1. Con relación al primero, decía que hoy “vemos muchas casas de lujo, pero
cada vez menos calor de hogar y de familia; muchos proyectos ambiciosos, pero
poco tiempo para vivir lo que se ha logrado; tantos medios sofisticados de
diversión, pero cada vez más un profundo vacío en el corazón; muchos placeres,
pero poco amor; tanta libertad, pero poca autonomía”. En este
mundo, “el amor duradero, fiel, recto, estable, fértil es cada vez más objeto
de burla y considerado como algo anticuado.
2. El Papa recordaba además que “el sueño de Dios para su criatura predilecta es verla realizada en la
unión de amor entre hombre y mujer; feliz en el camino común, fecunda en la
donación reciproca”. Es Dios quien une
los corazones de un hombre y una mujer que se aman y los une en la unidad y en
la indisolubilidad. “El objetivo de la vida conyugal no es sólo vivir juntos,
sino también amarse para siempre”.
3. En un tercer momento, el Papa afirmaba que “para Dios, el matrimonio no es una utopía de adolescente, sino un sueño
sin el cual su creatura estará destinada a la soledad. En efecto, el miedo de
unirse a este proyecto paraliza el corazón humano”. Aunque se burle de este
plan, “también el hombre de hoy permanece atraído y fascinado por todo amor
autentico, por todo amor sólido, por todo amor fecundo, por todo amor fiel y
perpetuo. Lo vemos ir tras los amores temporales, pero sueña el amor autentico;
corre tras los placeres de la carne, pero desea la entrega total”.

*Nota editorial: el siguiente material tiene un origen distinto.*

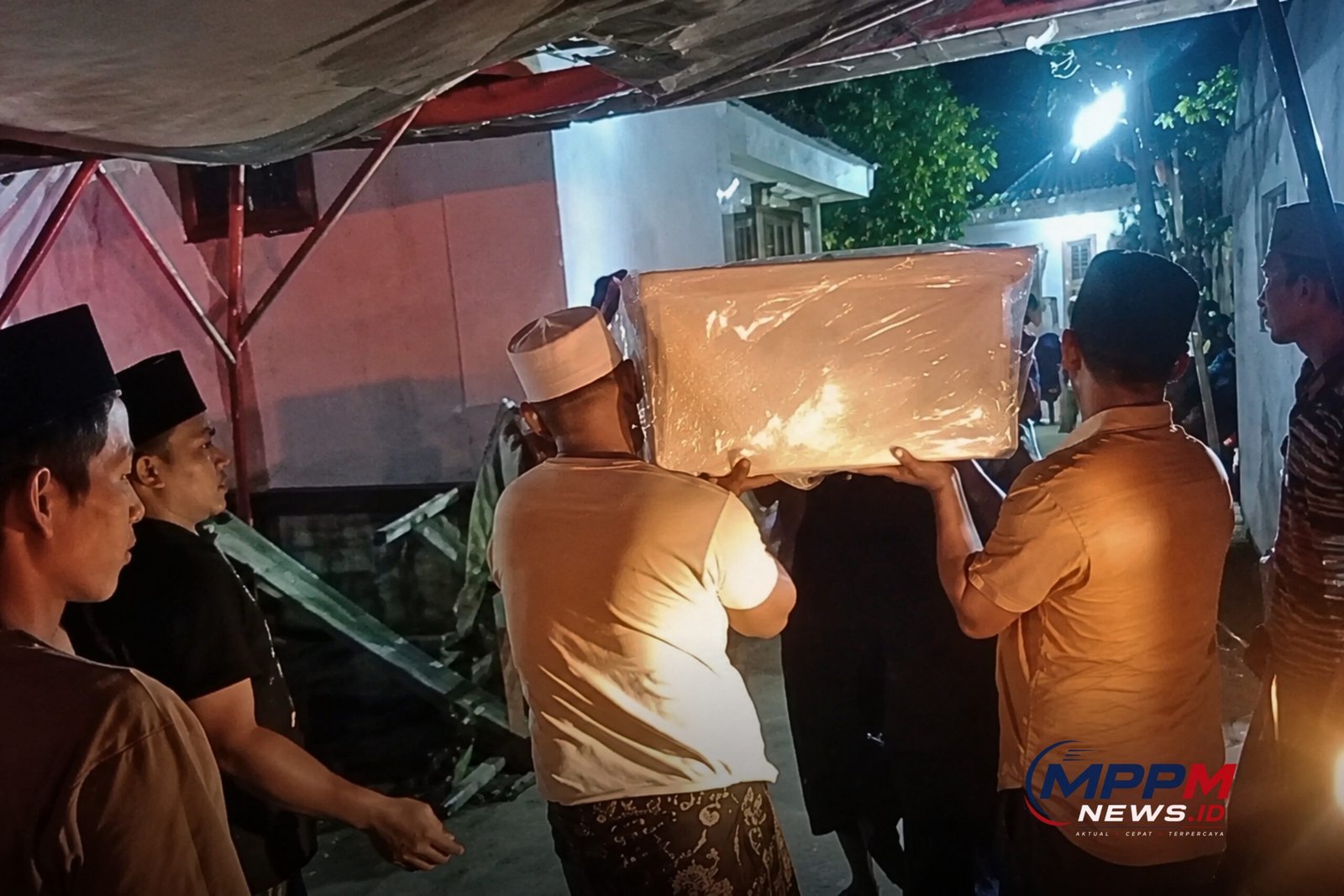 Jenazah Supardi Tiba di Bangkalan, TPPJ MPPM Dampingi hingga Diserahkan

El papa Francisco ha afirmado que,
“en este contexto social y matrimonial bastante difícil, la
Iglesia está llamada a vivir su misión en la fidelidad, en la verdad y en la
caridad”.
La fidelidad
la lleva a promover el amor fiel y animar a las familias a defender
la sacralidad de la vida así como la unidad y la indisolubilidad del vinculo
conyugal.
Por medio del servicio a la verdad, la Iglesia “protege al hombre
y a la humanidad de las tentaciones de autoreferencialidad y de transformar el
amor fecundo en egoísmo estéril, la unión fiel en vinculo temporal”.
Y, en virtud de
la caridad, no señala con el dedo para juzgar a los demás, sino que “se siente en el deber de buscar y curar a
las parejas heridas con el aceite de la acogida y de la misericordia”. La
Iglesia es como un «hospital de campo», con las puertas abiertas para acoger a
quien llama pidiendo ayuda y apoyo. Es más, trata de salir hacia los demás con
amor verdadero, “para caminar con la humanidad herida, para incluirla y
conducirla a la fuente de salvación”. Así cumplirá la Iglesia la misión del
buen samaritano que le ha sido confiada.